12 Eylül darbesi sonuçları itibarıyla Türkiye’de nehrin yatağını köklü bir şekilde değiştirmiştir. Sonrasındaki yıllarda Türkiye’deki yaşanan siyasi ve toplumsal gelişmelerin önemli bir bölümünün yönü, o dönemde alınan kararların formatladığı bir çerçeve içinde şekillenmiştir. Hedeflerin tam tersi sonuçlarla da karşılaşılmıştır; Kürt sorunu baskılanmaya çalışılırken 12 Eylül dönemi sonrasında PKK terörünün tırmanması gibi...

*

Türkiye’deki sivil kadrolar, demokrasiye dönüldükten sonra da uzun bir süre siyaseti askerlerin kurguladığı zemin üzerinde yürütmeyi kabullenmiştir. Anayasa’nın demokratikleştirilmesi süreci 1987’de yasakların kaldırılması adımıyla başlamak üzere ağır bir tempoda kademede kademe ilerleyebilmiştir. 1995 yılında partiler üstü bir mutabakatla yapılan anayasa değişiklikleri bu açıdan kayda değer bir dönüm noktasıdır. Ardından 1990’lı yılların sonunda AB’ye tam üyelik süreci ile birlikte koalisyon hükümeti döneminde atılan adımları AK Parti’nin 2002 Kasım ayında iktidara gelmesinden sonra devam eden değişiklikler izlemiştir. Askerlerin MGK üzerinden karar alma mekanizmasındaki ağırlığının sınırlanması bu değişikliklerin en kritik yönlerinden biridir.
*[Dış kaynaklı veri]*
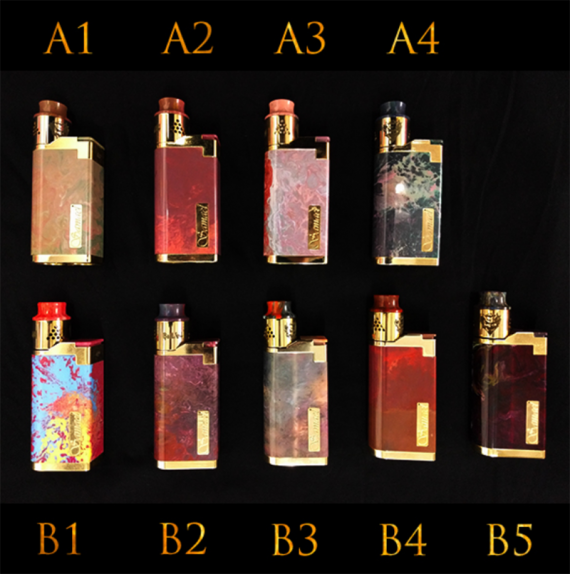 Samael mod от El Diablo Phillipines.Мод для коллекции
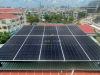 Lắp điện mặt trời hòa lưới 15,5kW cho nhà trọ tại Bình Thạnh TP.HCM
Tabii anayasa referandumu sonucu 2010’da yargıda iplerin Gülen cemaatinin eline geçmesiyle sonuçlanan kazalar da yaşanmıştır. Son olarak, anayasa üzerindeki değişiklikler, ülkenin yönetim şeklinin parlamenter düzenden başkanlık sistemine geçtiği ve yürütmenin yasama ve yargı üzerindeki nüfuzunun iyice yerleştiği köklü bir sistem değişikliğine kadar uzanmıştır.

Özetle, askerlerin tuğrasını taşıyan 1982 Anayasası üzerinde bugüne dek 20 dolayında değişiklik paketi hayata geçirilmiştir. Ancak çok temel bir noktayı gözden kaçırmamak gerekiyor. Türkiye’de başkanlık sistemine geçilmesi bile 1982 Anayasası üzerinde yapılan değişiklikler suretiyle gerçekleşmiştir. Yürürlükteki anayasa metninin hemen girişinde kabul tarihi olarak ‘7 Kasım 1982’ yazılıdır.

Bu yönüyle baktığımızda, bugünkü anayasa metni içerik olarak ne kadar başkalaşmış olursa olsun, doğrudan sivillerin geniş bir mutabakatla hazırlayacağı yeni bir anayasaya olan ihtiyaç -kısa dönem için gerçekçi görünmese bile- uzun dönemde Türkiye’nin gündemindeki yerini er geç alacaktır.